From New Delhi’s perspective, it is important to realise that internal political and emotional situation regarding the sharing of waters in Pakistan and in J&K is likely to have a negative impact on the IWT as a whole. Experts like BG Verghese have already pitched for an Indus Water Treaty-II, which is important from New Delhi’s perspective to look into and prepare for. The objective should be to prevent any water wars – internal and bilateral, and also to improve water governance.

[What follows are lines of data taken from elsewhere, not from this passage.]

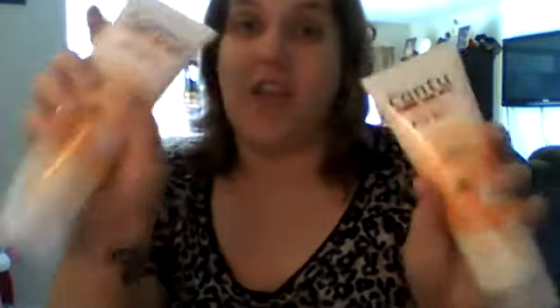If you guys want to see more health and beauty reviews, give me a thumbs up on this video. Subscribe to my YouTube page. Visit me at MysteriousRamblings.com. Y'all be sure to check out Cantu Care for Kids, and until next time guys — peace.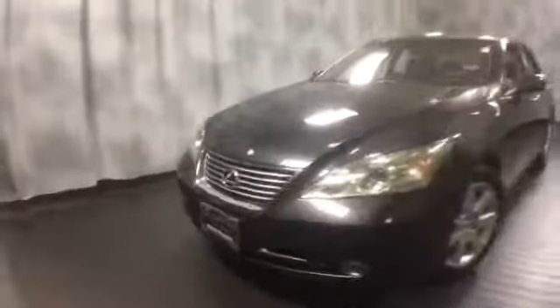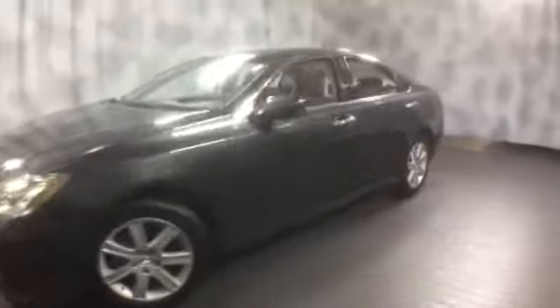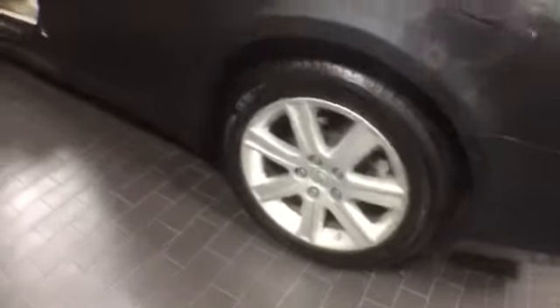It's a V6 front-wheel drive luxury sedan nicely equipped with projector headlamps, integrated fog lights, aluminum alloy wheels, a good set of Michelin tires. More features include smart key access, chrome door handles, and tinted windows all the way around.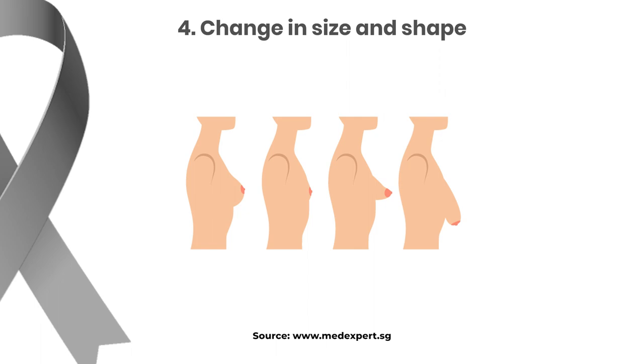Any change in the size or the shape of your breast should be taken seriously. While it doesn't always mean cancer, it's very important to have these changes evaluated by a doctor to rule out any potential issues.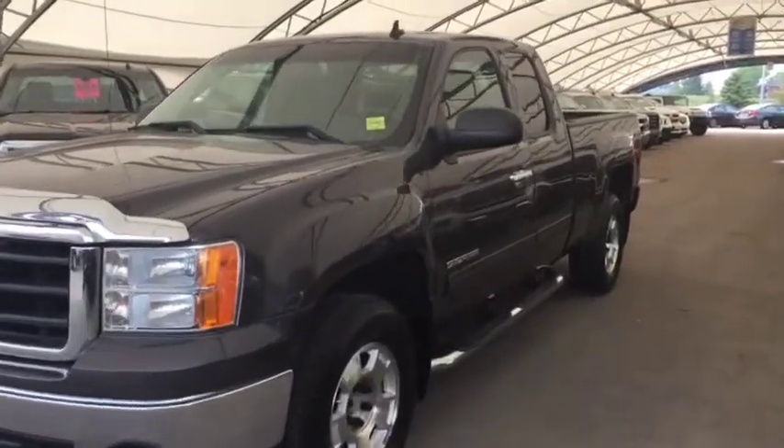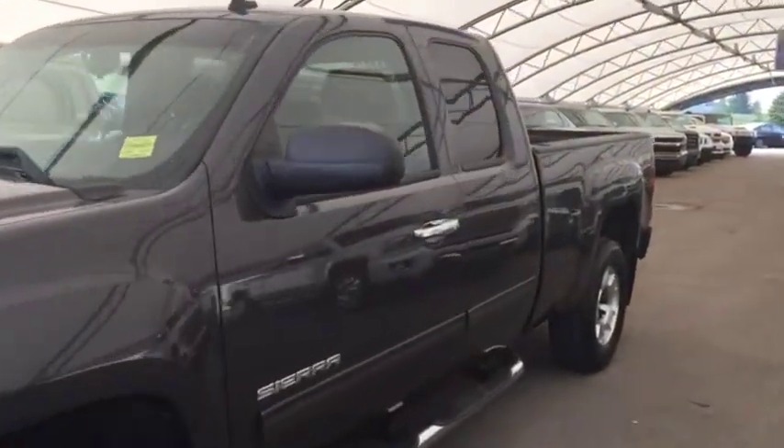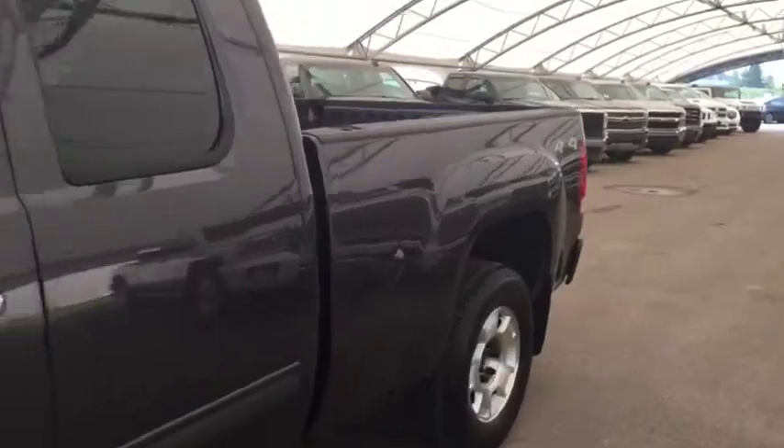Welcome to Davis Chevrolet. This is a pre-owned 2010 GMC Sierra in the color gray.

The following issues in particular have the potential to become a crisis, straining the IWT further. First, there is a clear divide between Jammu and Kashmir (J&K) on the one hand and the central government on the other, on the nature and use of IWT. The people and government of J&K, where the Indus and most of its important tributaries flow through, are against the IWT, as they feel it is against their interests. A resolution was passed in J&K Legislative Assembly in 2002, calling for annulling the IWT. A section inside J&K even considers the IWT as an Indo-Pak conspiracy against the Kashmiris. Kashmiri grievances are based on emotional and economic issues; for Kashmiris, water and land have always been an emotional issue. Second, J&K also considers the IWT as an economic liability. The majority in J&K consider that the IWT discriminates against Kashmiris by not letting them tap the potential of the Indus and its tributaries in terms of using the waters for agriculture, transport and energy. It is believed that the losses that the IWT cause to J&K are around Rs.80 billion annually.
Third, the people of Northern Areas in Pakistan-Occupied Kashmir (PoK) also consider the IWT against their interests. The controversy over the construction of Diamer-Basha dam highlights the tensions between Northern Areas and Islamabad on sharing the Indus waters. Many in Northern Areas feel that Islamabad has not provided any political status to the region, precisely to exploit them over the Indus waters. They argue that had Northern Areas been a political entity, Pakistan then would have to share the waters and royalty. Worse, a section also believes, that while the Basha dam will submerge parts of its land and result in displacement, the royalties will go to the NWFP.
Fourth, PoK has a serious problem with the rest of Pakistan on the Mangala dam. Muzaffarabad feels exploited by the rest of Islamabad over the dam and the construction in Mirpur has dislocated the entire city, with the benefit going to the rest of Pakistan. Islamabad is too sensitive about any water-related issues involving PoK and the Northern Areas. A government official was suspended for writing a book on the Mangala dam; subsequently all his books were banned during 2002-04 and he was accused of “an attempt to promote nationalist feelings amongst Kashmiris.”
Fifth, the four provinces of Pakistan are deeply divided within, in terms of sharing the Indus waters. The controversy over the construction of Kalabagh alone will amplify internal problems relating to the water conflict. While Punjab wants to build the dam at any cost, leaders of Sindh have warned Islamabad to choose between Kalabagh and the federation, meaning that construction of the dam will result in Sindh walking out of the federal structure.
Sixth, South Asia as a whole has a serious deficit relating to water governance. None of the countries in SAARC use water judiciously; as a result, there is huge water wastage. Besides, despite knowing that water is precious commodity, South Asia has failed to evolve alternate modes of irrigation; canal and river irrigations are the most preferred in South Asia. Methods like drip irrigation and crop rotation to better use the available water, are yet to be effectively evolved. South Asia as a whole, wastes water.
Finally, studies on the Himalayan glaciers highlight the possibility of a decline in water flow in the Indus and its tributaries. With expanding populations and growing energy and economic needs in the region, any decline in water flow will only increase the stress on the IWT. Given the inter-state and intra-state political and emotional issues along the Indus river basin, the possibility of water scarcity resulting in water wars between the states and within them, cannot be completely ruled out.
It is imperative, that India, Pakistan and their sub-regions work together to address the growing concerns and avoid any future conflict over the sharing of waters. IWT has an inbuilt provision to rework its sections. India, Pakistan and their local governments should work together towards creating Indus Water Treaty-II, addressing the issues mentioned above. IWT-II could very well be a conflict prevention measure relating to water issues along the Indus river basin.